PROBLEM TO SOLVE: Whenever a picture appears in the records, exclude it, and transcribe everything else exactly.

>>

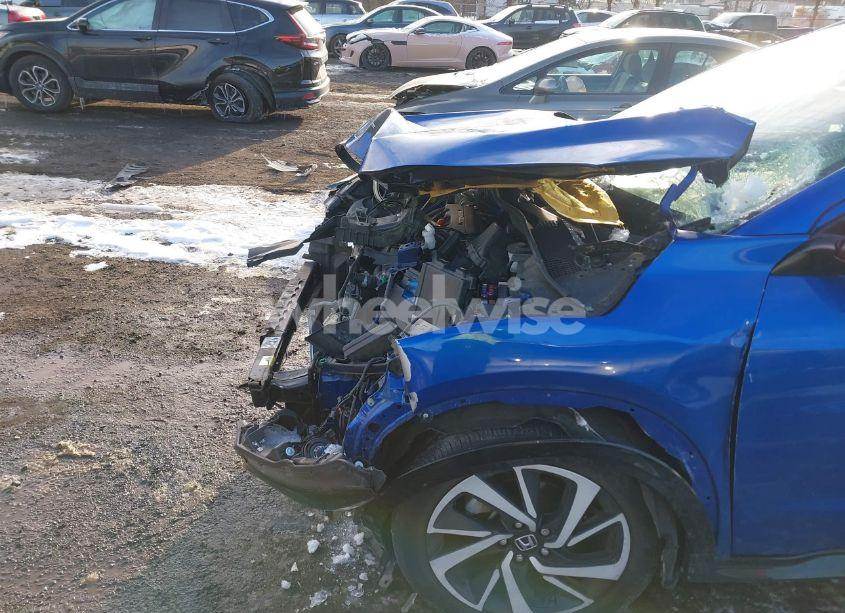 Photo 6 of 2019 Honda Hr-v SPORT (VIN 3CZRU6H17KG709643)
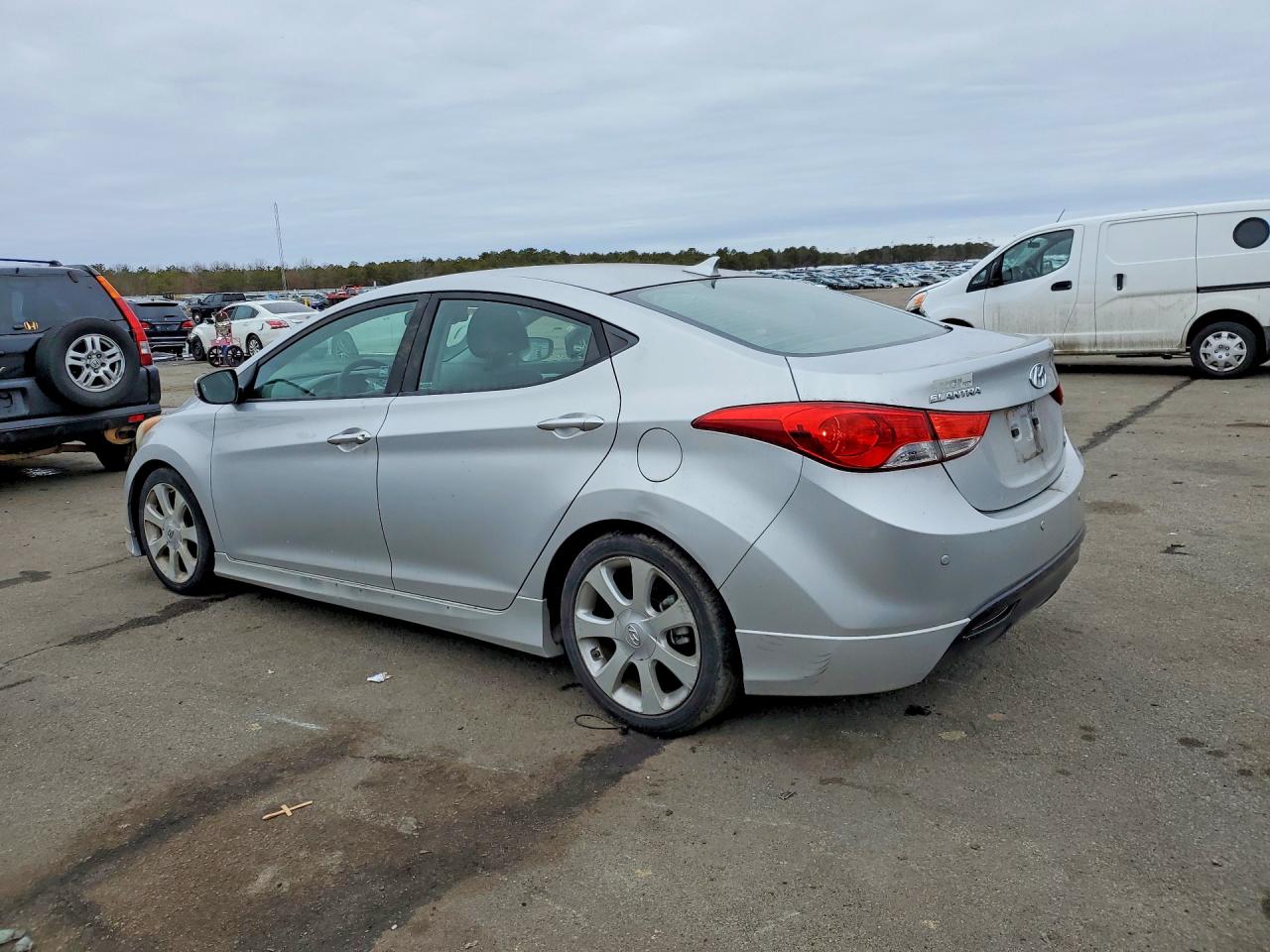 2013 Hyundai Elantra Silver vin: KMHDH4AE4DU634952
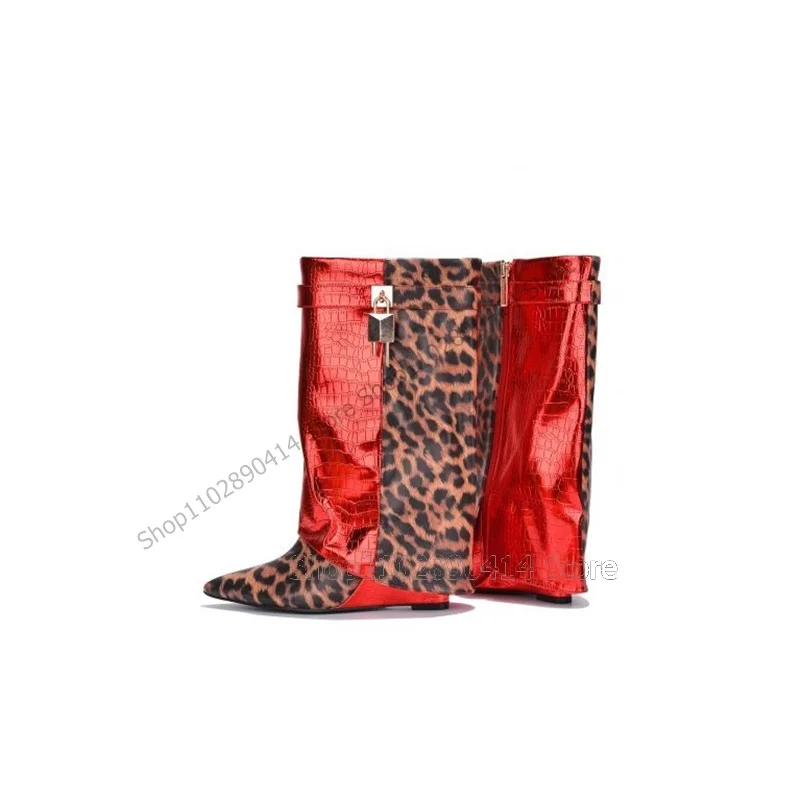 Женские ботинки с леопардовым принтом острым носком на танкетке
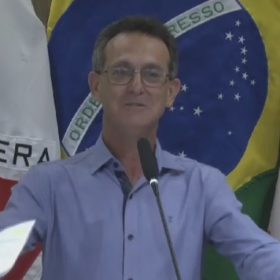 Vereador questiona assinaturas de secretário no Diário Oficial: "Afastamento de araque?"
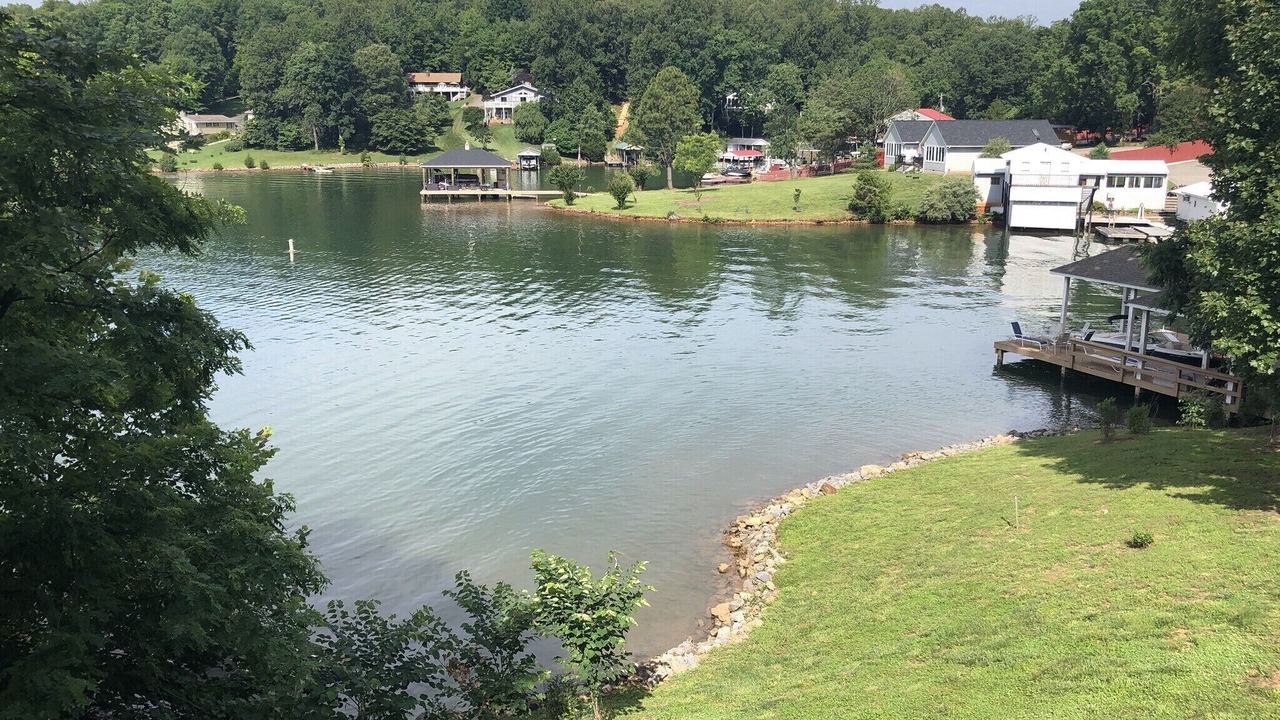 Photo of Others in Smith Mountain Lake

<<

SOLUTION FOR THIS PROBLEM:
 Photo 6 of 2019 Honda Hr-v SPORT (VIN 3CZRU6H17KG709643)
 2013 Hyundai Elantra Silver vin: KMHDH4AE4DU634952
 Женские ботинки с леопардовым принтом острым носком на танкетке
 Vereador questiona assinaturas de secretário no Diário Oficial: "Afastamento de araque?"
 Photo of Others in Smith Mountain Lake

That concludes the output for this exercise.